Is this similar to GPUDirect RDMA - Module can not be insert into kernel - #27 by AastaLLL ?

starting 2.17.5 kernel driver of nvidia-fs.ko, Proprietory nvidia.ko is not supported with GDS.

please install nvidia open RM driver instead.
Starting with CUDA toolkit 12.2.2, GDS kernel driver package nvidia-gds version 12.2.2-1 (provided by nvidia-fs-dkms 2.17.5-1) and above is only supported with the NVIDIA open kernel driver.

Follow the instructions in Removing CUDA Toolkit and Driver to remove existing NVIDIA driver packages and then follow instructions in NVIDIA Open GPU Kernel Modules to install NVIDIA open kernel driver packages.

Thanks, I did install the open source driver, but I don’t have full control over the system to meet the other requirements.
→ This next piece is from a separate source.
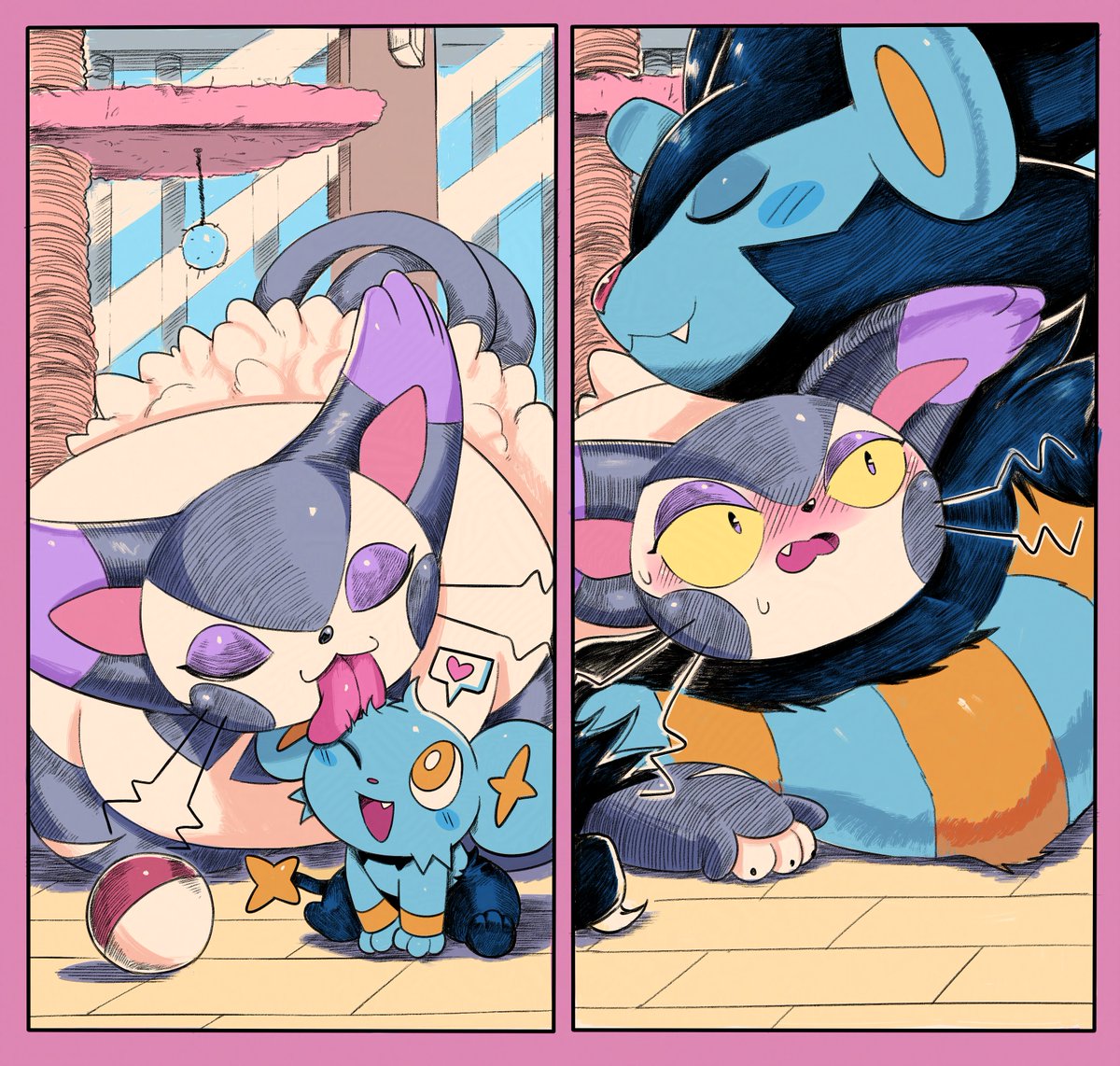 꼬링크랑 렌트라에서 나는 분위기 차이가 좋구나..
Because of this the problem persisted. I’ll try to arrange the full set of requirements if I have another opportunity with that system.

You can use the proprietary drivers
and revert the nvidia-fs-source from 2.17.5 to 2.17.4 , rebuild the nvfs and it can work okay.

This topic was automatically closed 14 days after the last reply. New replies are no longer allowed.